Regional Report: Northeast 2016

In mid-January, GE confirmed it was relocating its global headquarters from Fairfield, Connecticut to the seaport-based Innovation District. In announcing the move, CEO Jeff Immelt cited the appeal of being at “the center of an ecosystem” in a “dynamic and creative city.” With the relocation, GE becomes Massachusetts’ largest publicly traded company.

The District was effectively completed two years ago when Boston lured Vertex Pharmaceuticals from nearby Cambridge with $12 million in real estate tax breaks and job-creation incentive payouts.

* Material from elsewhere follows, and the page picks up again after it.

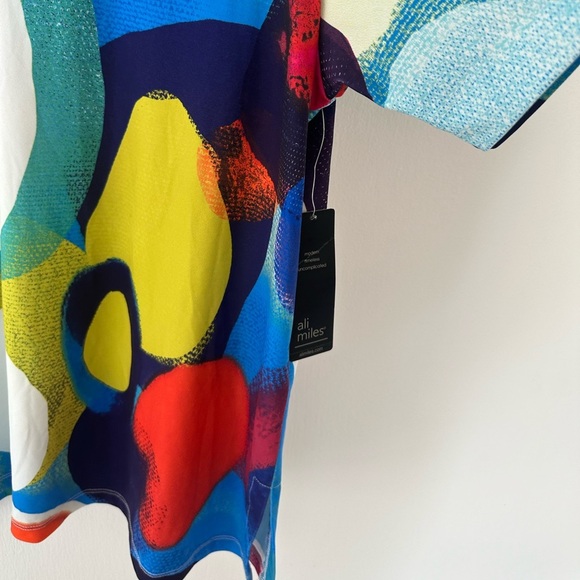 Women’s NWT Ali Miles Short sleeved Shirt Size Large - Picture 7 of 9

Vertex opened its $850 million corporate headquarters in February 2014, uniting its Massachusetts employees in a building featuring abundant natural light, trophy views of Boston Harbor and outdoor recreation spaces. Vertex also set aside about 3,000 square feet of classroom space for use by Boston educational institutions. The expectation is that the company will eventually hire some of their students.

“Some companies are good at reinvesting in employees, but it’s about helping them become better employees.”

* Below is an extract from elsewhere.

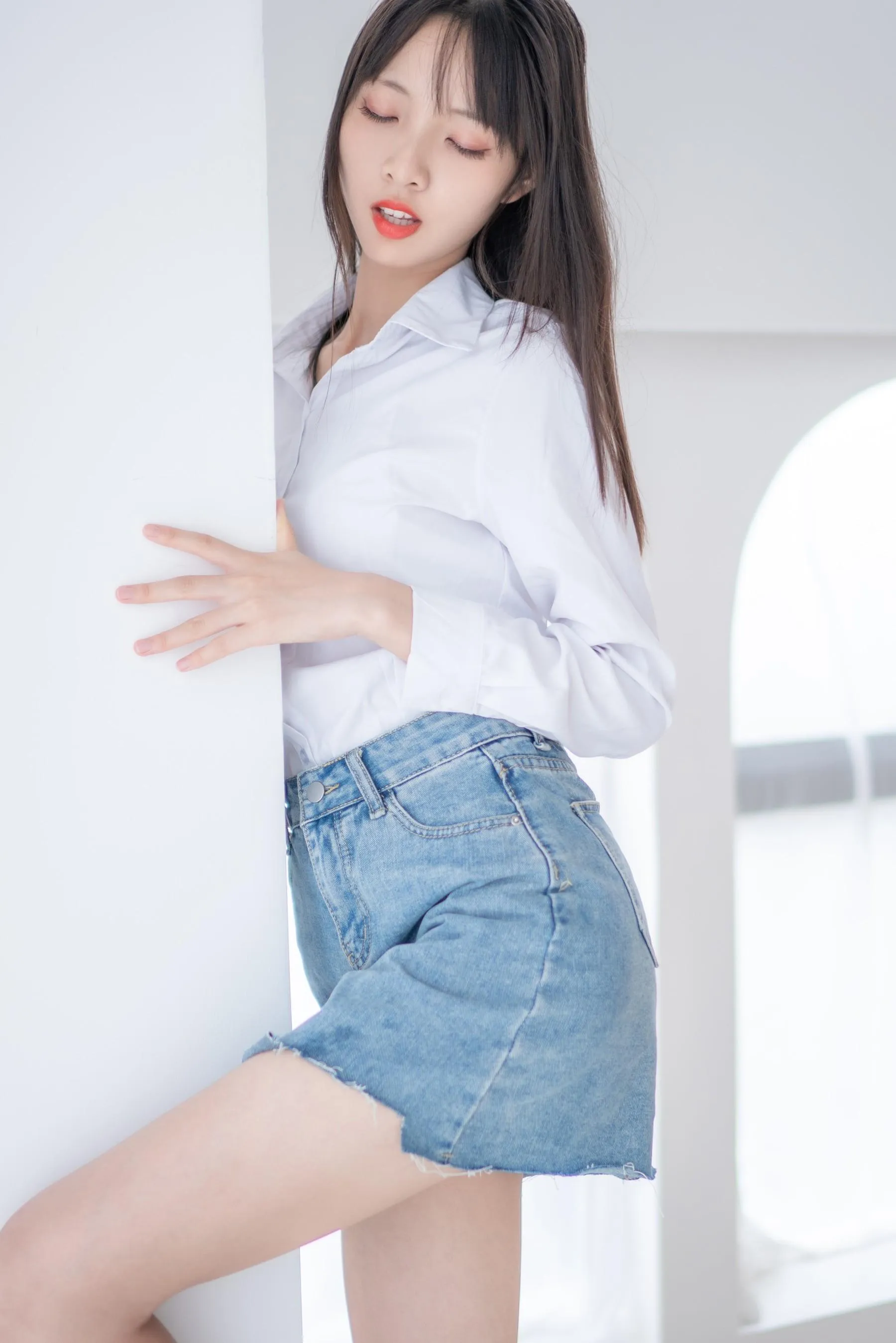 西瓜少女 NO.023 衬衫牛仔裙 [62P]插图7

“Making medicines is a team sport that requires hundreds of people working together for many years, and these buildings were designed to bring all 1,300 of our Massachusetts employees together in one space for the first time,” said Vertex CEO Jeffrey Leiden. “As a company committed to discovering new medicines, I can’t think of a more inspiring environment—the Innovation District—in which to do business.”


In 2014, a record 170,000 commercial entities named the Diamond State their official home, bolstering its rep as a business haven. But in some key categories that diamond is losing its luster. The number of fully operational companies—as opposed to shell corporations—registered in Delaware has shrunk by about 11% since the decade began.

A series of federal judicial decisions has loosened its grip on the corporate legal world. Delaware’s financial services industry, in part a reflection of its pro-business allure, has also weakened, eroding profits and payrolls; a stronger 2015 suggests recovery is in process. The state’s mature chemical cluster, which has been anchored by the Du-Pont family holdings, now faces instability and job losses due to fallout from the chemical giant’s planned merger with Dow Chemical. The aeronautics sector is outpacing manufacturing, contributing over $7 billion a year to the state’s economy. Liberalized casino gambling laws permitting blackjack and similar table games boosted the gaming industry.

Wilmington and Dover, the state’s largest Metropolitan Statistical Areas (MSAs), will “continue to enjoy modest labor market progress in the near term,” forecasts PNC Financial Services Group. Meanwhile, Wilmington struggles to reverse the perception that it is a dangerous town.